The advanced development of artificial intelligence (AI) accelerates by the day, forcing companies in just about every industry to contemplate the kind of disruption, ethical considerations, and business opportunities it will hasten. With a combination of legal and business judgment, you, as the general counsel (GC), must play a key role in these deliberations.

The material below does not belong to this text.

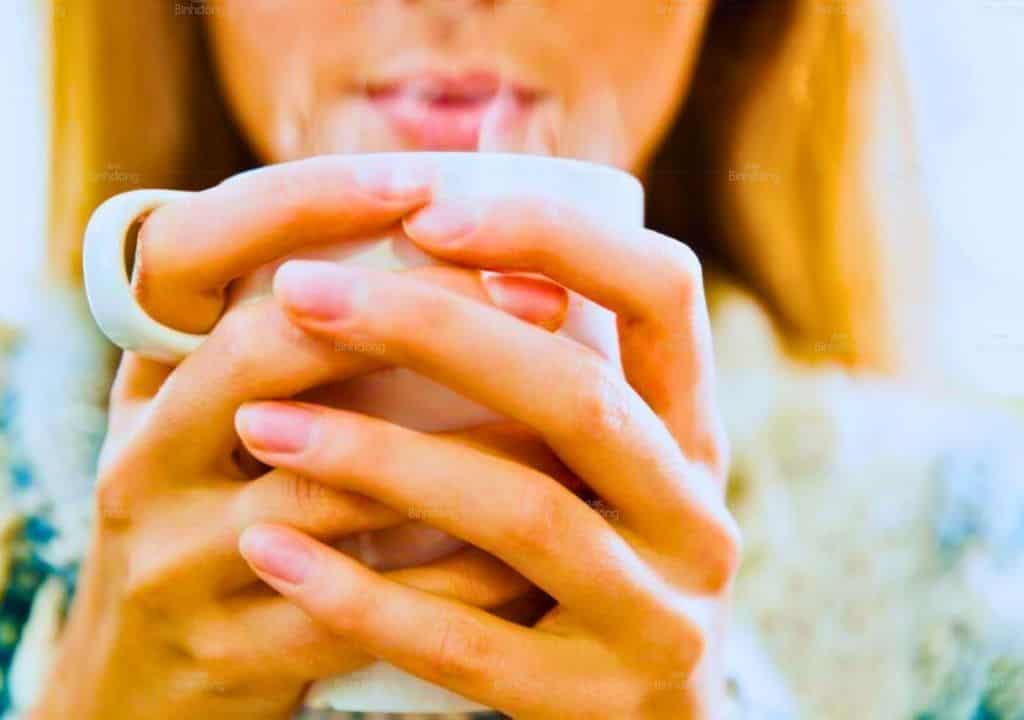 Hình ảnh người phụ nữ đang uống nước nóng để giảm đau họng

In addition to managing the impact on your companies and industries, you will also have to understand what AI’s advancement means for the delivery of legal services. For some time now, AI has made repetitive tasks faster and more efficient, freeing up lawyers to do more high-end work. AI tools, for example, can already assist with due diligence and electronic discovery; produce basic contracts; and help better predict litigation outcomes based on case law and a judge’s previous rulings.

Embracing AI

Many GCs have embraced these tools. To cite one example, Alan Bryan, senior associate GC of legal operations and outside counsel management at Walmart Inc., recently told Corporate Counsel about a new AI tool that is reducing the time its lawyers spend drafting answers to litigation and initial discovery requests.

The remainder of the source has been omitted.